• [Data excerpt]:
* * *

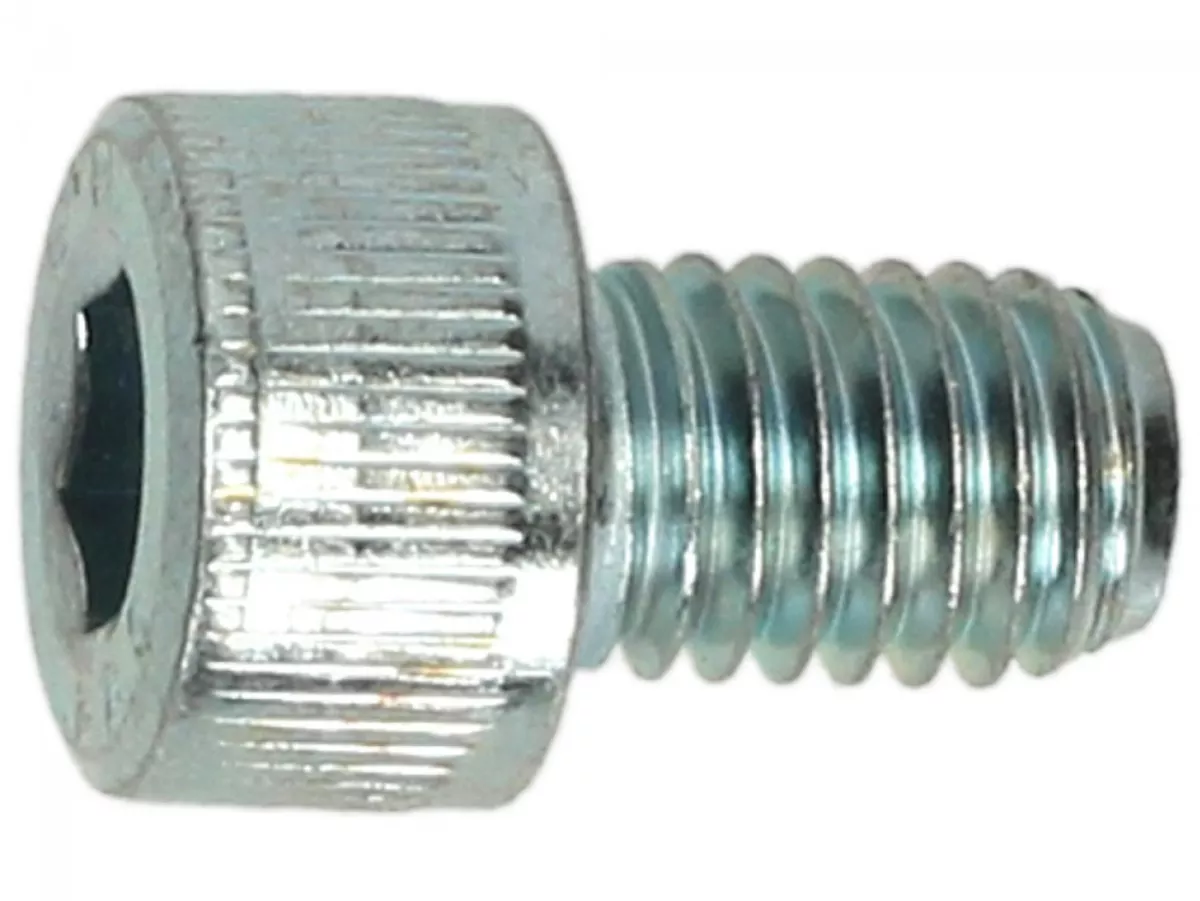 Binnenzeskantbout -DIN 912- M8 x 12 (sterkte 8.8) - gebruikt als olieaftapplug.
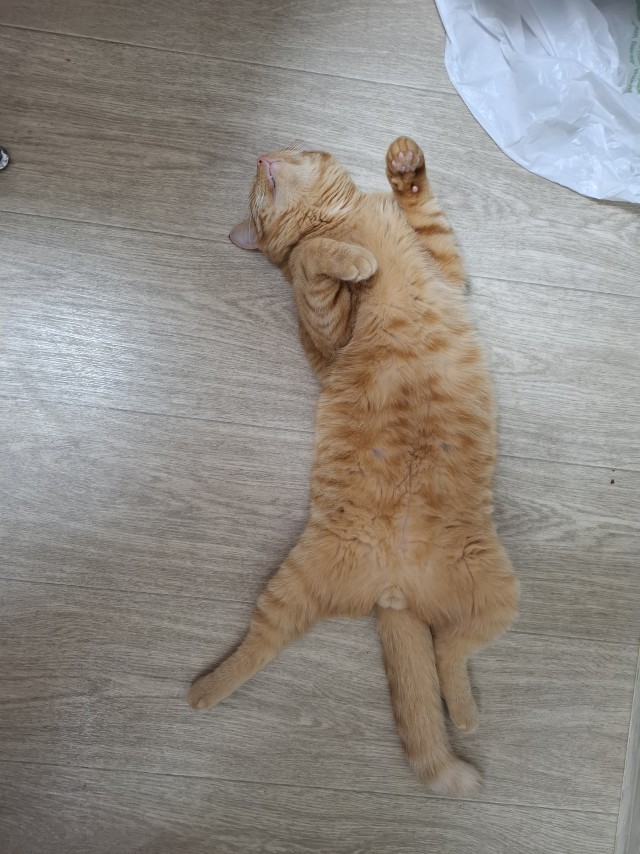 Котовторник
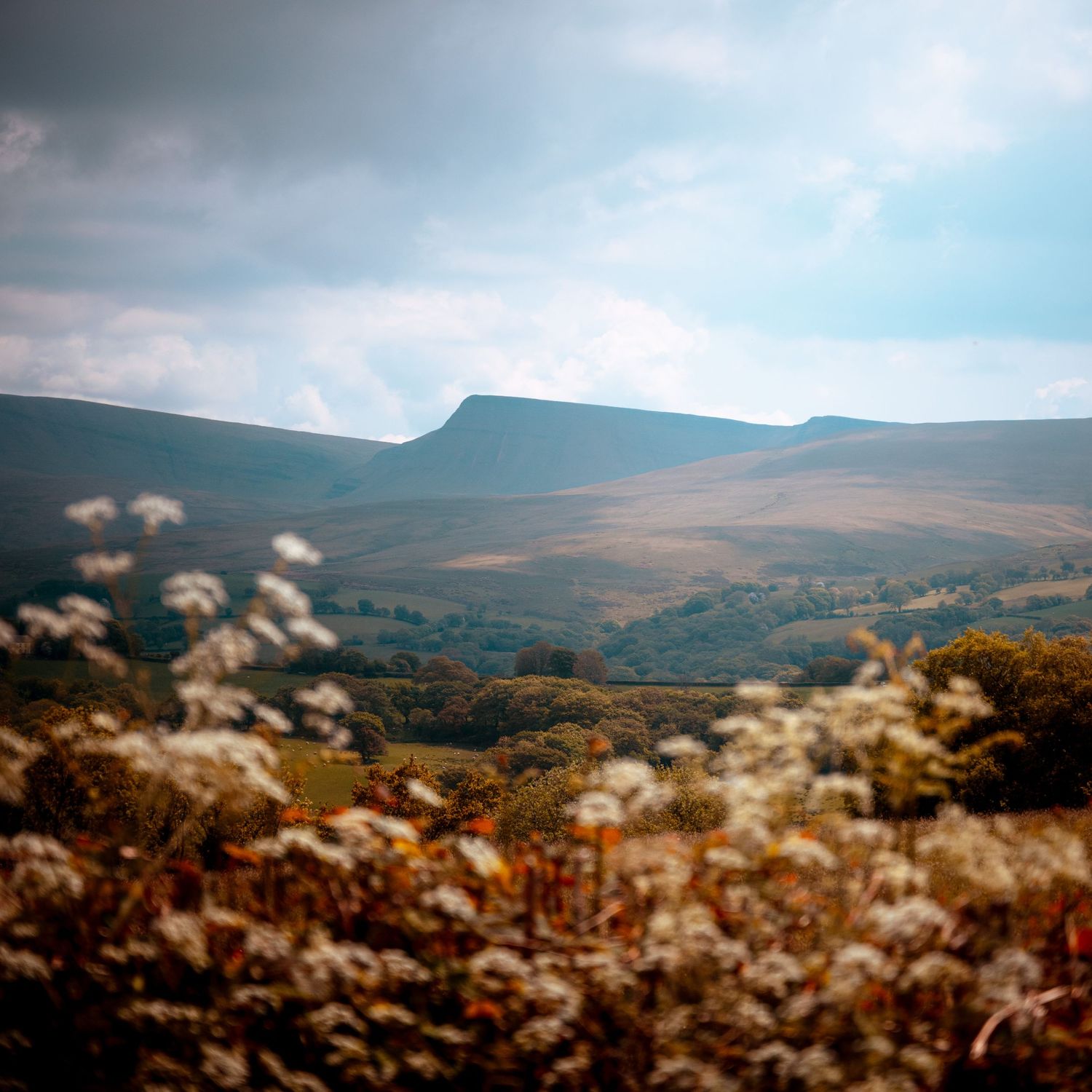 A field of tall, dry grass with a large, flat-topped mountain in the background under a cloudy sky, Brecon Beacons / Bannau Brycheiniog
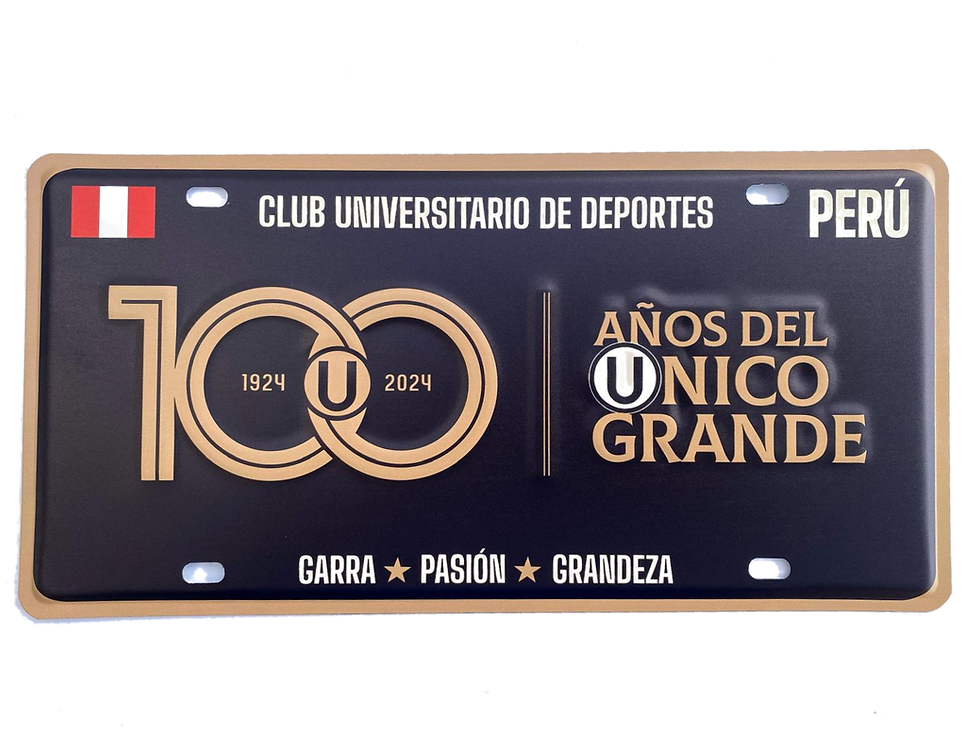 Thumbnail: [OFICIAL] Placas decorativas 2024 U Universitario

* * *

• [What is needed]:
Any picture in the data is to be skipped, while each line is returned exactly as written.

• [Response area]:
 Binnenzeskantbout -DIN 912- M8 x 12 (sterkte 8.8) - gebruikt als olieaftapplug.
 Котовторник
 A field of tall, dry grass with a large, flat-topped mountain in the background under a cloudy sky, Brecon Beacons / Bannau Brycheiniog
 Thumbnail: [OFICIAL] Placas decorativas 2024 U Universitario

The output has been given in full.